His current work investigates the ways in which digital environments change our perception and treatment of space, time and material. His projects focus on several aspects of this culture such as: schizophrenic and multidimensional reconstructions of data, interventions and distortions of existing digital spaces, generative construction of content and the life of digital objects. Tom works as both a programmer, performer and participant within these virtual spaces.
http://www.thinkinggames.co.uk
Florian Cramer is a researcher in comparative literature and aesthetics, a writer and activist in the field of computer culture and free software in relation to experimental arts, and the course director of the Media Design M.A. programme of Piet Zwart Institute, Willem de Kooning Academy Rotterdam.
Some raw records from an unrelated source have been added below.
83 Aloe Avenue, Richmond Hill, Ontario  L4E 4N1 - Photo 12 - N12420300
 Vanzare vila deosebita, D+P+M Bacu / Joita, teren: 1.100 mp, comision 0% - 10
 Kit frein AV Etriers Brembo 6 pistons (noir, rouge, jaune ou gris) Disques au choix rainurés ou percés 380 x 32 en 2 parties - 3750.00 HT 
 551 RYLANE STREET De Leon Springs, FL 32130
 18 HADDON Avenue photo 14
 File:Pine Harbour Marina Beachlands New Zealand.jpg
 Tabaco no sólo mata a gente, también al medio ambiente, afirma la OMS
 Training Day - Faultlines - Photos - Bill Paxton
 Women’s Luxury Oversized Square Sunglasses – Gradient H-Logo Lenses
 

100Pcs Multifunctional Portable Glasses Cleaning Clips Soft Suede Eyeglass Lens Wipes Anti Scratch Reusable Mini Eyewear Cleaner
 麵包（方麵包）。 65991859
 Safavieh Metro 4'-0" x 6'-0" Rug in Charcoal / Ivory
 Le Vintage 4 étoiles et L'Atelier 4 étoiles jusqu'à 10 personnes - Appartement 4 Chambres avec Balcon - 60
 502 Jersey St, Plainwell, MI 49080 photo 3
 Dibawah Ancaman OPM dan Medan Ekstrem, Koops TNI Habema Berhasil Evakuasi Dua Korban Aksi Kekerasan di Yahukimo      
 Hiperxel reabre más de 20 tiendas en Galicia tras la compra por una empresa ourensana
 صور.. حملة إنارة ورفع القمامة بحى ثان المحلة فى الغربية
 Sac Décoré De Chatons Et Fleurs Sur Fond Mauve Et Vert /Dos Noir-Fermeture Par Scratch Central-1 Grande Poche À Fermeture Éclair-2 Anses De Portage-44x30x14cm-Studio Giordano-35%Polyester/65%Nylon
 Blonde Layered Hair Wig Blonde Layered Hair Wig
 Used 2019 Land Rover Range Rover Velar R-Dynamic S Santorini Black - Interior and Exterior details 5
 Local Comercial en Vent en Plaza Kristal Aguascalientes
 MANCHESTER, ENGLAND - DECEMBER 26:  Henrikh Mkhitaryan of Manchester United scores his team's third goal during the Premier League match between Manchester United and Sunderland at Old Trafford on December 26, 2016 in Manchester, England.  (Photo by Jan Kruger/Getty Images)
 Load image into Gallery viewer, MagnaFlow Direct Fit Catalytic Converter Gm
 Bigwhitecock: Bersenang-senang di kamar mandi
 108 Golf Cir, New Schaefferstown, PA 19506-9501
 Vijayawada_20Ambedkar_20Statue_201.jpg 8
Recent publications: Exe.cut[up]able Statements: Poetische Kalküle und Phantasmen des selbstausführenden Texts [book, forthcoming in 2008], Sodom Blogging: Alternative porn and aesthetic sensibility, Texte zur Kunst, no. 64, For us it's not an error - Interview with jodi.org, in: Neural, no. 28. Most of his writings are online at: gopher://cramer.plaintext.cc
Phil Chandler, Technical Manager, folly (2006-2008)
Phil's background is in IT, engineering and digital communications, having worked in the not for profit and commercial sectors in the UK and Africa. He has extensive experience managing multi-platform networks, combining Linux, Netware, Windows and Mac systems. He has designed and built email, web, data storage and streaming servers and managed domain name infrastructures. He has in-depth knowledge of TCP/IP and other networking technologies, and tutors for the Open University in digital communications.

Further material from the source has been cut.